03-11-2014 08:42 AM - edited 03-11-2014 08:43 AM
Just adding to the list, I'm also having Relay Response failures with a SHA-2 Cert created by GoDaddy. Seeing if I can downgrade it to SHA-1 for now...
03-14-2014 01:47 PM
Aha. I'm glad to have stumbled across this post.
We were hit by this recently when updating our expiring SSL certificate. The thing that is odd is that some of the charges/relay responses go through correctly, somewhere around 3-5%. That doesn't make any sense to me unless there is a round-robin-type server that has one correctly configured server, and other broken ones.
I'll check if I can get an SHA1 certificate issued, but I think at minimum you should put it in your FAQ that your servers dont' work with current SSL certificates, and to recommend finding a provider that will issue the older style, if such places exist.
What is the ETA for applying the published hotfix for this problem?
03-14-2014 02:06 PM
My ssl provider no longer issues SHA1 certificates except for 1 year, 1 domain certificates, which that isn't what I'm using.
Apparently, they also automatically publish revocation lists so my old certificate might not work for everyone, though it appears that it is okay.
Note that Microsoft says SHA1 certificates aren't secure, and people shouldn't be using them.
Please update your systems as soon as you can, as we'll have to use manual credit card entering/verification until you do.
03-14-2014 02:10 PM
Here is someone who has spent some time on the phone with authorize.net, which is where I was headed next, but it sounds like it didn't get anywhere.
If I turn off SSL on the relay response, are there security issues there? Hackers would have to be able to guess the correct transaction ids to be able to post information to that URL, and they are all one-time use ids, right? So, even if a hacker sniffed the connection, he couldn't do anything bad? Is that a reasonable solution?
03-17-2014 02:31 PM
Email customer support tells me that turning off SSL for the relay response request is a perfectly fine solution.
Developers are "actively working on a fix", so hopefully, they'll post here once they've applied the hotfix from microsoft.
03-20-2014 01:41 PM
I've confirmed that authorize.net reports a "script timed out" issue when there are SSL parsing problems. It would be nice if that error message could be changed - if you search on these forums for "script timed out" you will find self-signed certificate errors, namevirtualhost configuration issues, etc. It would save a lot of frustration and support time if the error "script timed out" only happened after a time out.
I noticed that the "script timed out" error happens immediately when there is a SSL certificate issue.
I've gotten zencart to not send an ssl URL in the x_relay_URL but zencart uses a 302 response in their default relay_URL, which goes to an SSL encrypted page, so authorize.net still barfs on it.
One good way to prove that it is authorize.net's fault is by turning off the on-site credit card processing - the credit card is then charged by authorize.net, but the redirect back to the site fails instantly because it can't parse the SSL certificate.

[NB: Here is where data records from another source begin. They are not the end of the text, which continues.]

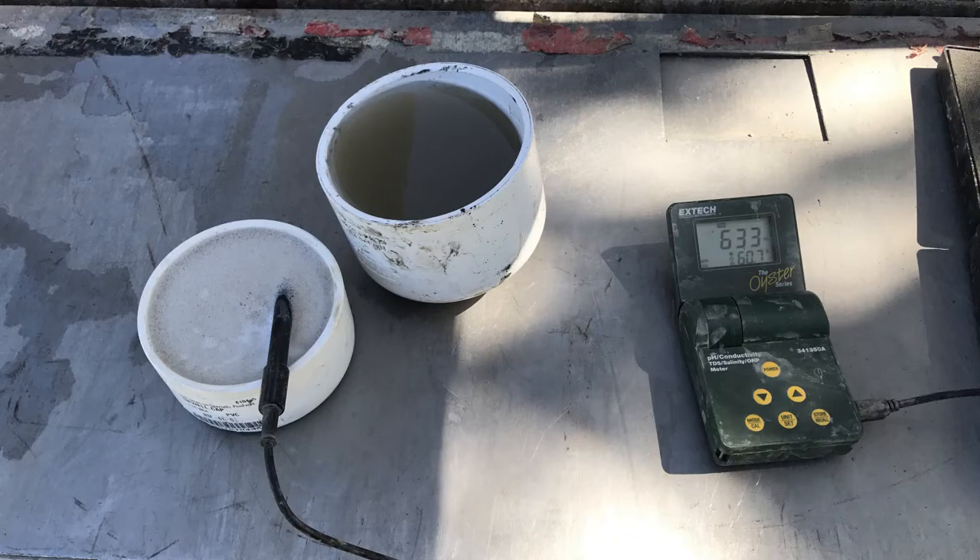As the well is being drilled, water tests are taken for water quality to determine the total amount of dissolved solids and sediment in the water. On-site tests are taken with this mobile meter.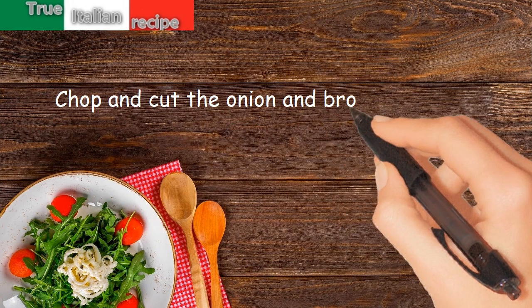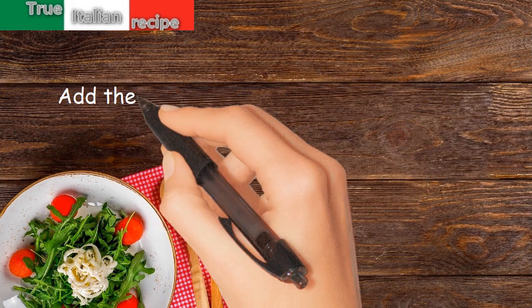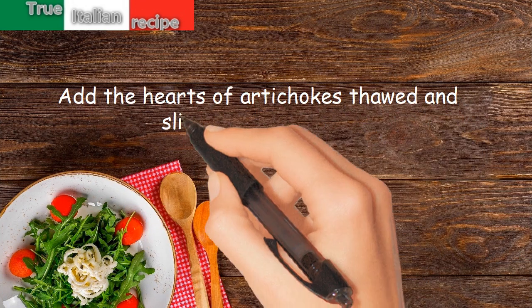Preparation. Chop and cut the onion and brown for 10 minutes. Add the hearts of artichokes thawed and sliced and let flavor.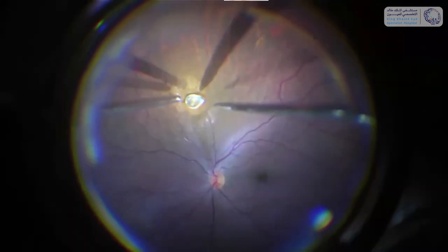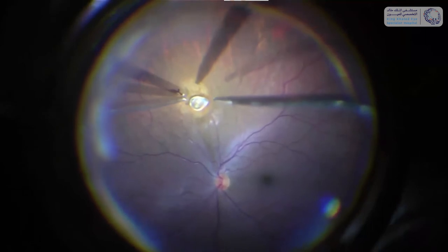When we did the vitrectomy it was very easy to locate the intraocular foreign body. When I scanned with the intraoperative OCT over it, as you can see here, I saw that there was some connection between the foreign body and the retina, so I was afraid that if I just grasped the foreign body I could rip open or detach the retina.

I'm going to look into hacking zencart's code into not using SSL on the response, but I don't think there is going to be a secure way to do that, because if the credit card validation fails, we'll end up with a non-ssl page to type in the credit card number on, and I don't know if I can hack zencart into being smart enough to redirect correctly.
It would be really nice to have authorize update their servers (and its sort of scary that they don't keep their microsoft servers up-to-date - surely there have been security issues in the last 9 months that weren't applied to these servers?)
03-20-2014 02:35 PM
A solution for the SHA2 certificate issue is currently moving through our rigorous QA process. I'll post an update when it releases to the sandbox and production.
03-20-2014 02:42 PM
Great - glad to get a response. Do you have any sort of guess about the timeline - like a couple days, a couple weeks, a couple months?
03-20-2014 03:12 PM - edited 03-20-2014 03:12 PM
... Coming Soon :smileyhappy:
It will not be months, but I don't have better information than that.